2009 - 5 February - Roundtable on the External Dimension of the Stockholm Programme
On 5 February 2010, the T.M.C. Asser Instituut hosted a conference organised by CLEER on the implementation of the external dimension of the Stockholm Programme.
The Stockholm Programme is the European Union's new multi-annual programme in the Area of Freedom, Security and Justice. It was adopted in December 2009 by the European Council and is expected to be implemented on the basis of an Action Plan drawn up by the Spanish Presidency. In the Stockholm Programme, the European Council sets out the policy guidelines concerning police and judicial cooperation, asylum, migration, immigration and border control. The Programme covers the internal and the external aspects of these policies. The conference organised by CLEER focussed on the implementation of the external dimension of these policies. The presentations and discussion were clustered around three topics:
- Basic principles of mutual legal assistance agreements and extradition of the Union with third countries.

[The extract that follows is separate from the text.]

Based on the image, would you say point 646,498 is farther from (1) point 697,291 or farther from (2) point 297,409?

- Combating illegal immigration: returning illegally staying third country nationals while cooperating with and assisting transit countries and countries of origin.

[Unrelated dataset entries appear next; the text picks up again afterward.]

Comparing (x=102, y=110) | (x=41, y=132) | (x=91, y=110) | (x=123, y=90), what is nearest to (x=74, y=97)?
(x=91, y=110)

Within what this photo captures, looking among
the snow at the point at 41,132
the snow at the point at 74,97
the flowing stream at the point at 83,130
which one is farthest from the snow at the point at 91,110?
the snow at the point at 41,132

- Data exchange and data protection clauses in international agreements of the Union: striking the right balance between the demand for data for law enforcement purposes and the protection of privacy.
After a welcome speech of professor Nelissen (Director of the Asser Instituut), dr. Rob Visser (Director General of the Ministry of Justice of the Netherlands) gave an introductory speech. H.E. Dr. E.M.H. Ballin (Dutch Minister of Justice) delivered the keynote speech. Among other issues, he called the participants to pay attention to the need of coherence and consistency between policies in the Area of Freedom, Security and Justice and the external actions of the EU. To that end the Minister argued the necessity of ensuring coherence between the institutions based in Brussels and agencies like Frontex, Europol and Euojust. He also questioned the future role of COSI and parameters for minter-institutional cooperation as set out by the Council.
The three main topics were discussed in the framework of three sessions, under the Chatham House Rule. Speakers from academia and from the world of policymaking gave presentations. Each panel was closed by a debate chaired by a moderator. The conference was closed by the three moderators presenting overarching views and main conclusions regarding the three panels.
The conference was financially supported by the Dutch Ministry of Justice and the European Commission.